- TASK TO COMPLETE: Copy exactly the lines from the one containing "photo de WIRE" through the last line of the records below, both included, and leave out the pictures.

- EXERCISE MATERIAL:
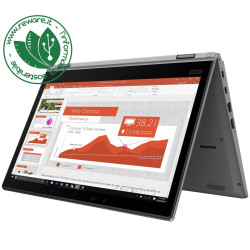 Lenovo ThinkPad L390 Yoga Core i5-8365U 13" FHD 16Gb SSD 256Gb Windows 11 Pro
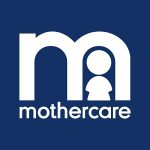 Mothercare logo 300 150x150 - ست بیمارستانی اسب تک شاخ مادرکر mothercare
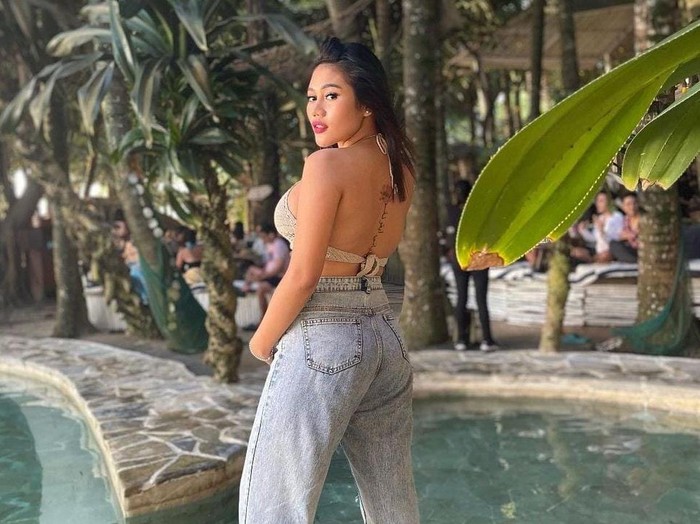 vika septiani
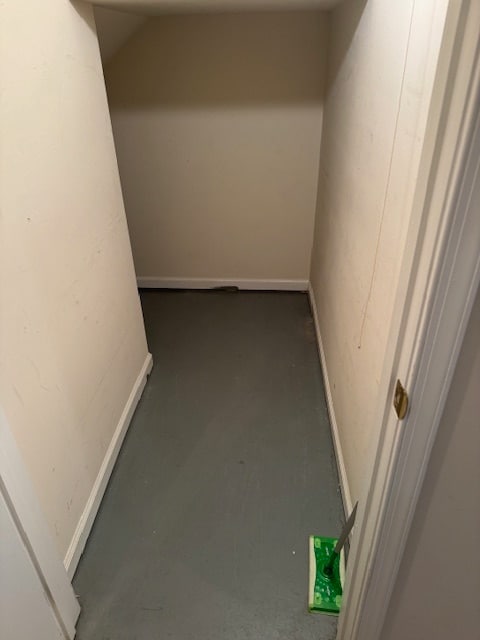 Storage Closet - 15405 Stacys Ridge Ct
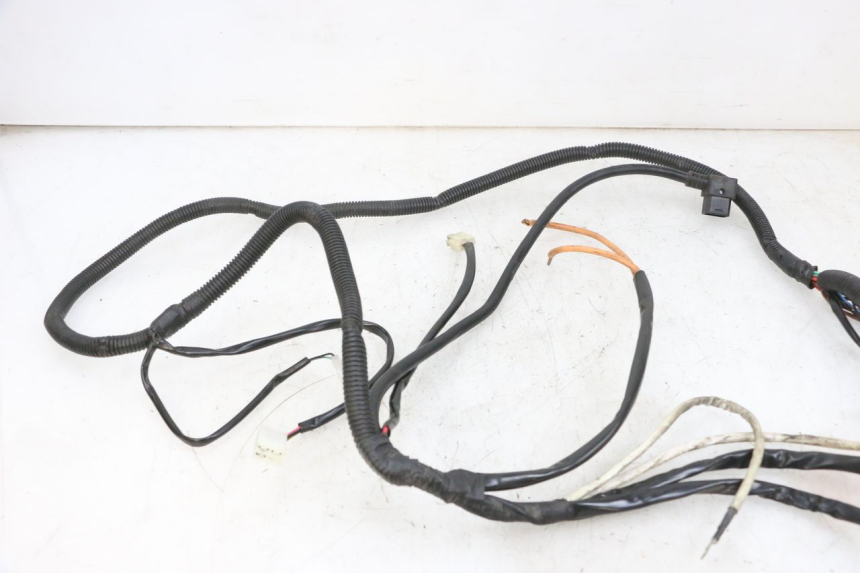 photo de WIRE HARNESS EFUN PUSA 1 - Zoom on usage condition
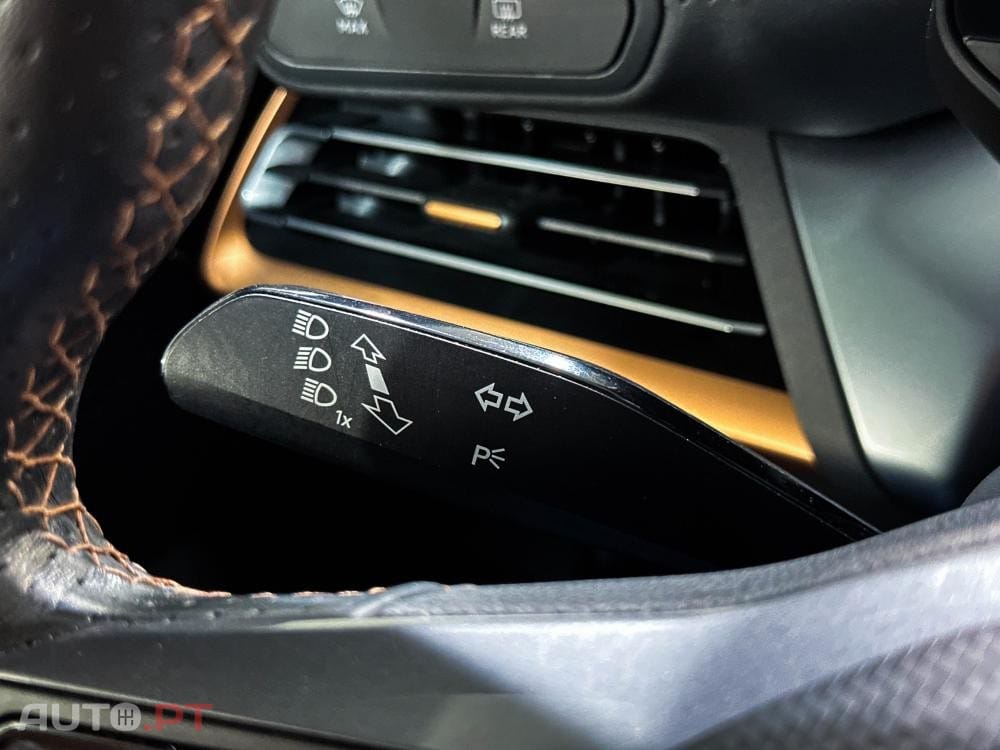 Cupra Born 58 kWh Plus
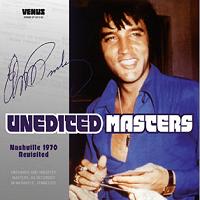 Unedited Masters - Nashville 1970 Revisited
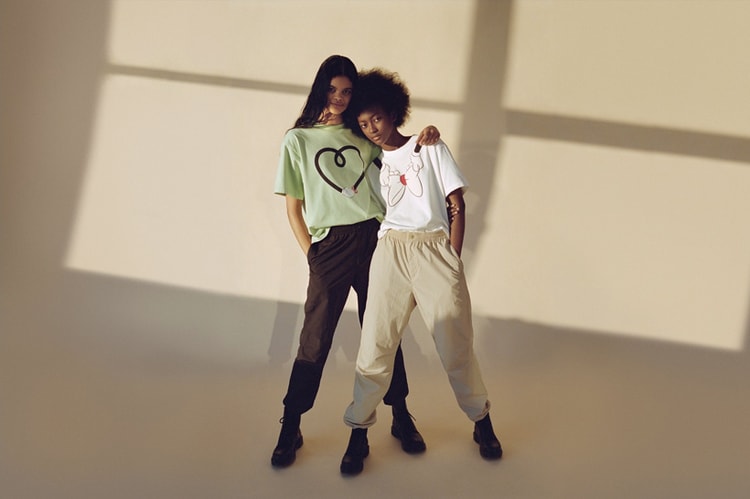 AMBUSH x Disney x UNIQLO UT 最新三方聯名系列正式登場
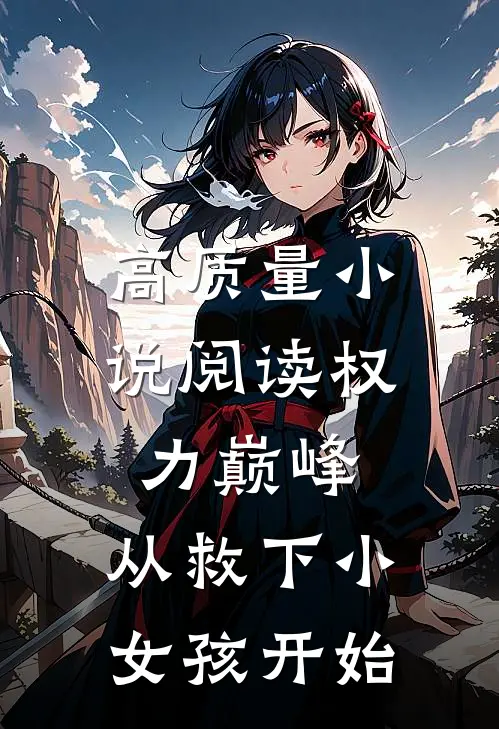 高质量小说阅读权力巅峰：从救下小女孩开始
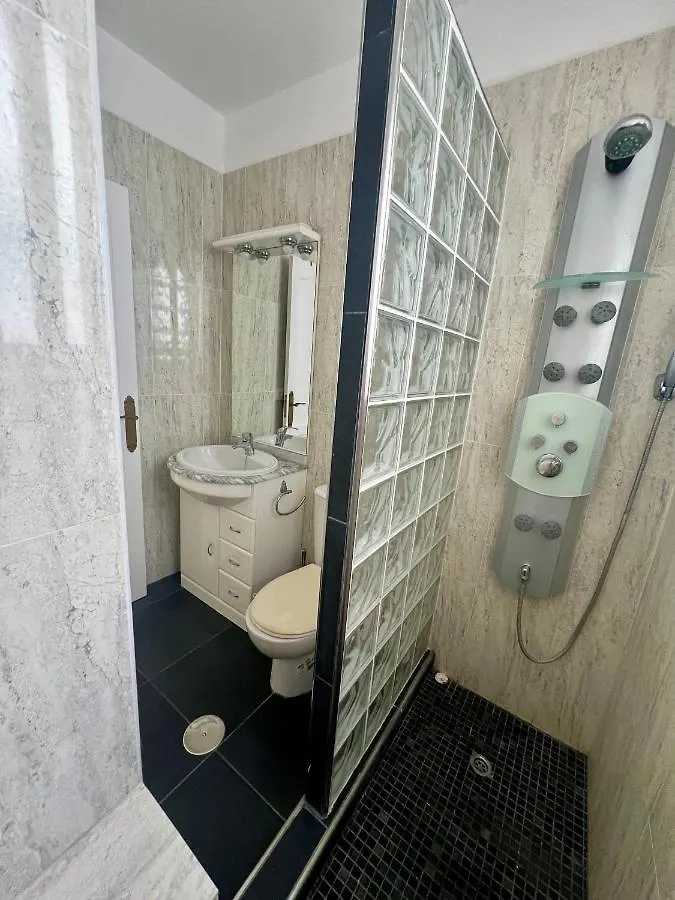 Villa Ross Costa Adeje  Spagna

- TASK RESPONSE:
 photo de WIRE HARNESS EFUN PUSA 1 - Zoom on usage condition
 Cupra Born 58 kWh Plus
 Unedited Masters - Nashville 1970 Revisited
 AMBUSH x Disney x UNIQLO UT 最新三方聯名系列正式登場
 高质量小说阅读权力巅峰：从救下小女孩开始
 Villa Ross Costa Adeje  Spagna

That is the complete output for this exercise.